Il Crt presenta la morte secondo Tolstoj

Così come la descrive Tolstoj in uno dei suoi racconti più belli, la vita di Ivan Il’ic è quella di un perfetto borghese dell’Ottocento. Come tutti i membri della sua classe sociale, Il’ic è uno stimato professionista che ha una moglie appassionata di teatro, una figlia che studia danza e partecipa ai balli della buona società, degli amici con cui conversare di argomenti dotti e un po’ fatui, magari alternando il russo al francese, come vuole la moda dell’epoca. A interrompere questa routine interviene però un lieve disturbo allo stomaco, un fastidio dalle cause imprecisate che, nel giro di breve tempo ma di lunghe peripezie mediche, si rivela molto più di un fastidio...
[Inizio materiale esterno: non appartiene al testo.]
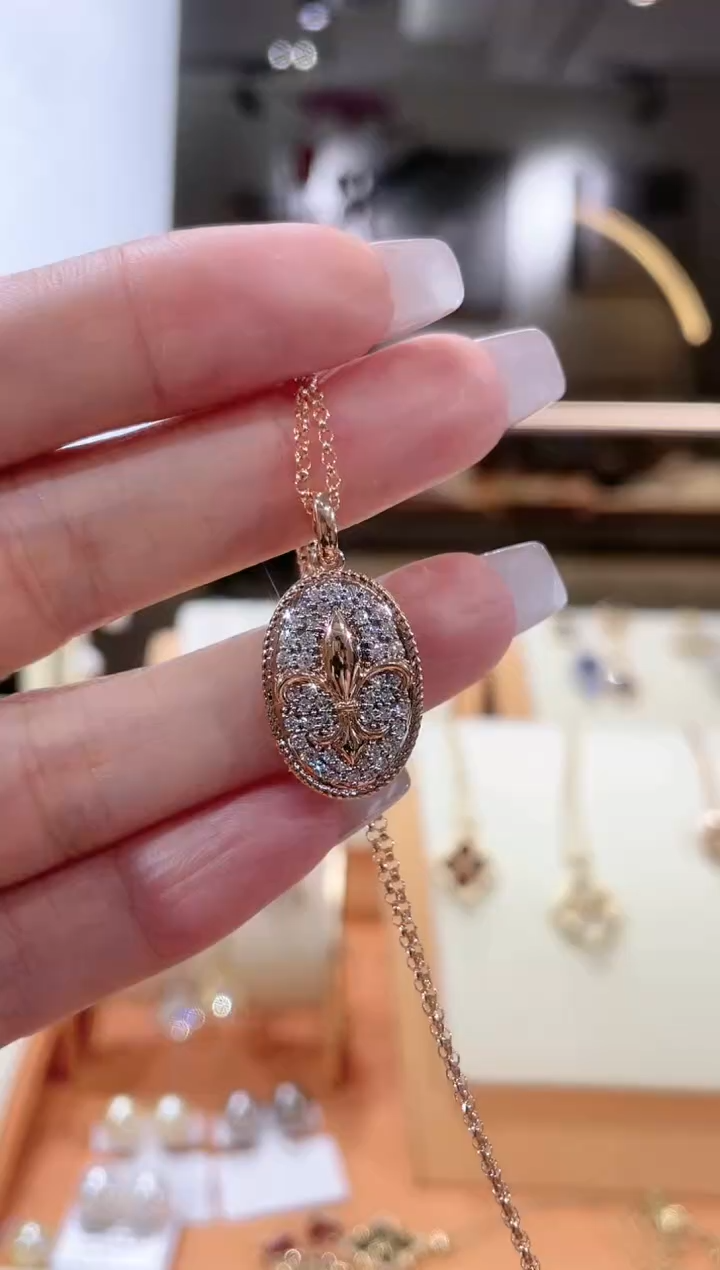 【闪购商品】钻石颈饰18K金镶嵌项链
«La morte di Ivan Il’ic», lo spettacolo di Claudio Autelli in scena al CRT Teatro dell’Arte fino a oggi, estrae dall’omonimo racconto di Tolstoj l’epopea di un uomo che si misura con l’ineluttabilità della morte in completa solitudine. Mentre tutti intorno a lui rimuovono l’incombenza del male riparandosi dietro la cortina delle convenzioni borghesi (ben emblematizzata dalla tenda che avvolge il salotto e circoscrive la scena), Il’ic affronta la morte in un letterale corpo a corpo. Infatti, proprio come negli altri spettacoli di Autelli, anche in questo la dimensione somatica gioca un ruolo prioritario: si direbbe quasi che, nel suo percorso iniziato pochi anni fa, il giovane regista milanese stia tentando di rendere carnali i classici, di verificarne l’attinenza con quell’identità primaria dell’uomo che è insita nel suo corpo.

E che la ricorrente messinscena del degrado, sia fisico che esistenziale, sia uno strumento per indagare il lato oscuro della quotidianità, per sondare le malattie insite nella vita di tutti i giorni, o forse solo un modo per ribadire la natura cagionevole della specie umana.